The client would still have to include JavaScript functions for either translating HTML to JSON or the other way around (for the print case at least).

Why not strip the references and leave a marker/placeholder on the HTML, and provide the structured JSON, so that the clients can render the references in the provided placeholder markers if they decide to?

That way you ship the content as HTML without losing editor content, without the references, and ship the references just once as JSON, and you have information to render them in the HTML if you decide to.

Does that make sense?

Why not strip the references and leave a marker/placeholder on the HTML, and provide the structured JSON, so that the clients can render the references in the provided placeholder markers if they decide to?

That way you ship the content as HTML without losing editor content, without the references, and ship the references just once as JSON, and you have information to render them in the HTML if you decide to.

Does that make sense?

Yes.

Twitter does the same thing when parsing out hashtags, mentions, and URLs from tweets. The API docs refer to these objects as entities, and represents them as some content with a known type that occurs between a starting and ending index in a string, e.g. https://dev.twitter.com/overview/api/entities#hashtags.

From the introductory paragraph:

Entities are never divorced from the content they describe.

@Jhernandez @phuedx I'm updating docs now, but we have stepped back from the restitching of content on the client in lieu of providing a separate API with the content still in place, but marked up.

So basically we are designing 2 sets of APIs in the PCS:
App client APIs: Deliver HTML and structured content to app clients to build native and JS interfaces
HTML client APIs: Deliver marked up HTML for clients to render full pages of content

So if you want references in line, you got 'em: Just hit the HTML client APIs
If you don't, then you can use the App client APIs

Why not strip the references and leave a marker/placeholder on the HTML, and provide the structured JSON, so that the clients can render the references in the provided placeholder markers if they decide to?

Entities are never divorced from the content they describe.

This is actually being done. There will STILL be place holders in the App API HTML if clients want to know where the reference lists came from. So this workflow is also possible.
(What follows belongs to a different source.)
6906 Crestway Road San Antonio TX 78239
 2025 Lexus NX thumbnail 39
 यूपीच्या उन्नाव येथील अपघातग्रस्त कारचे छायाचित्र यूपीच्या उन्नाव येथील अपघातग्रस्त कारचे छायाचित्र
But if you really want to inject the references back in, you probably want to use the HTML client API instead.

Does this sounds like what you two are looking for?
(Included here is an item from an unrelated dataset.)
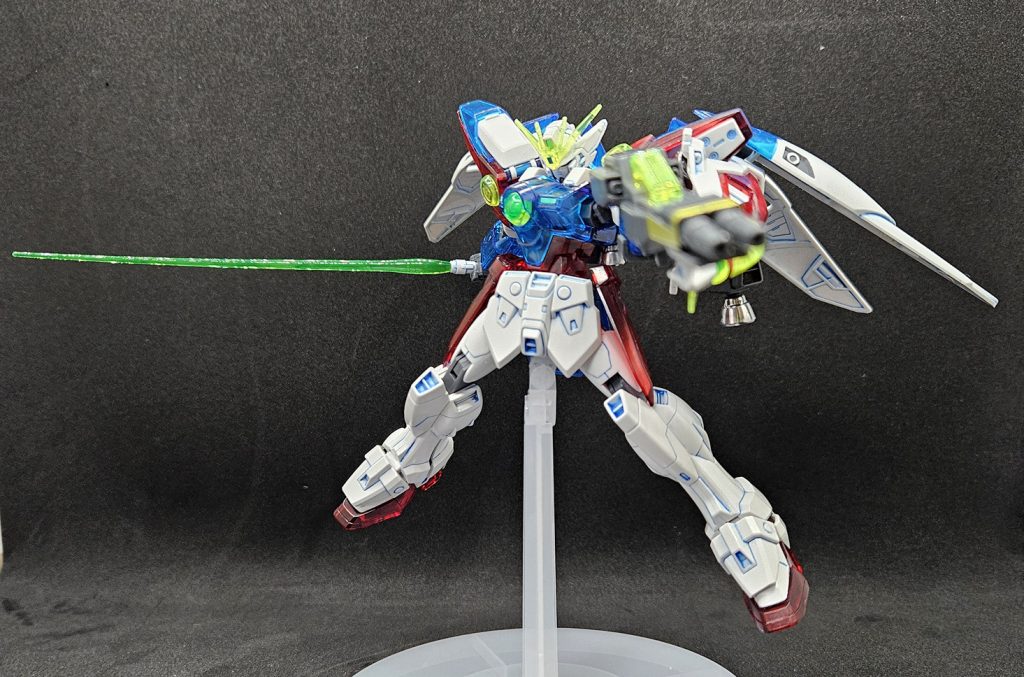 HGACウイングみたいに手持ちじゃなくてシールドは腕にマウントするからビームサーベルとツインバスターライフルを同時装備できるポーズはEXFBの機体選択画面のアレのつもり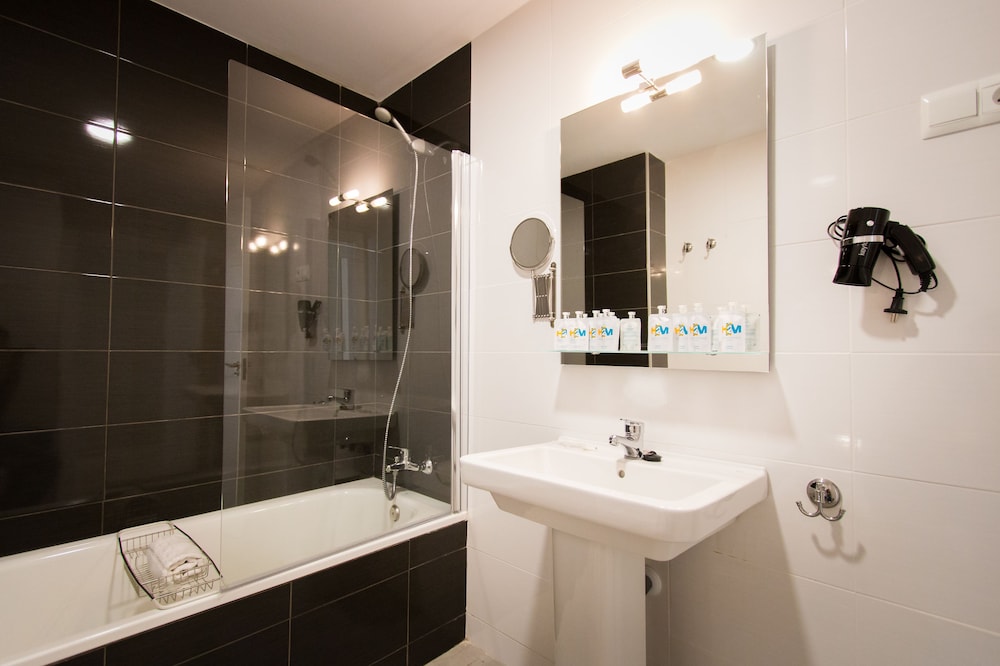 HOLIDAYS2MALAGA SUITES APARTMENTS 9/51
So if you want references in line, you got 'em: Just hit the HTML client APIs If you don't, then you can use the App client APIs

Clarification necessary... but the App client APIs will allow you to render the reference HTML right?
(in web we'd want to keep any sections with references collapsed and then when the heading is clicked obtain the list of references and render the HTML.

That is what I understood from:

This is actually being done. There will STILL be place holders in the App API HTML if clients want to know where the reference lists came from. So this workflow is also possible.
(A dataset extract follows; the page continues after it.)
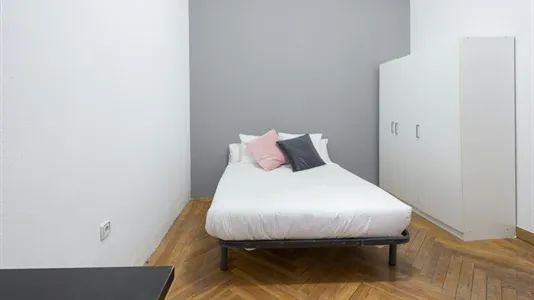 Rooms in Madrid Centro - photo 2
So if you want references in line, you got 'em: Just hit the HTML client APIs If you don't, then you can use the App client APIs

Clarification necessary... but the App client APIs will allow you to render the reference HTML right?
(in web we'd want to keep any sections with references collapsed and then when the heading is clicked obtain the list of references and render the HTML.

@Jdlrobson I think a few crossed wires here: You really, really, really should not want to just render the Reference List HTML inline here. Nor should you want to display a collapsed Reference list section.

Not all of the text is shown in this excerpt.